私は昏々と眠り続けながら見ていた茫漠とした夢から一瞬にしてうつつに戻ったかのような錯覚をおぼえた。
私と目が合った瞬間、麻耶は大きく見開いた目をいったん強くつぶったかと思うと、改めて大きく見開いて私の顔を見つめ直した。両の目じりからはすーっと、二粒の涙が大きく流れ落ちた。
私は今まで娘麻耶を単なる自分の所有物としてしか意識していなかった。
現に、麻耶はこれまで常に私の言動に圧伏され、私に自分の意思を訴えることは一切なかった。

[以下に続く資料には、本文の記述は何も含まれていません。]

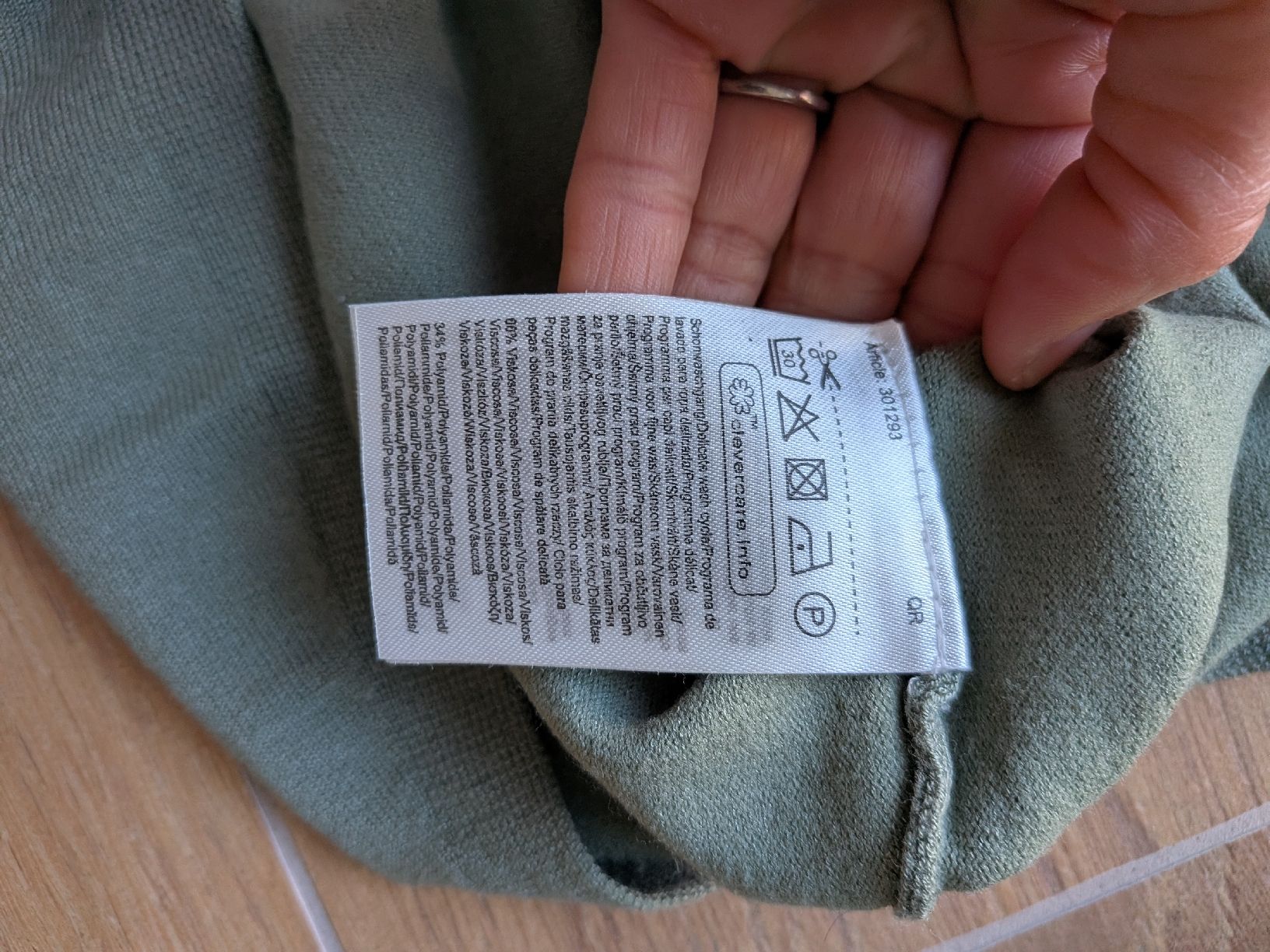 Maglioni & Felpe: NEU: Street One Pullover grün Grösse 34 – Nuovo (secondo la descrizione) da Eschenbach SG venduto da SanFranciscoCalifornia 2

いつも怯えたように私の顔色をうかがい、何をするときにも、わずらわしいほどに「ママ、これやってもいい?」と必ず聞いてきた。
それが、今日の麻耶は違った。
麻耶は、これまで子供ながらもずっと抱き、感じ続けて来たことを私に、表情で一気に訴えかけたようだった。具体的な言葉はなかったけれど、普段は冷血を自認している私にもそれがはっきり認識できた。
私は思わず、麻耶をその小さな身体が壊れてしまうのではないかと思えるほどに力いっぱい抱きしめた。ほおずりもした。それがその時、我娘麻耶に対してできる私の唯一の詫びと愛情の表現であったのかも知れない。
私は、それまで愛という表現の方法を一切知らなかった。だから、その時できることを、思わず感情の赴くままに精一杯した。
閉じた私の目からは、とめどもなく涙があふれ出た。改めて、私はふるえる両の手で麻耶の両肩を支え、その顔をしっかりと見つめようとした。
その時の私は、きっと滑稽なほど泣き笑いのような表情になっていたに違いない。
「…やっぱり…、パパのところへ、帰ろうか…?」
苦悶を吹っ切るようにして右手の甲で涙をぬぐい、途切れ途切れに私がやっとのことでそう言うと、麻耶は安心したように笑みを浮かべながら、コクリとうなずいた。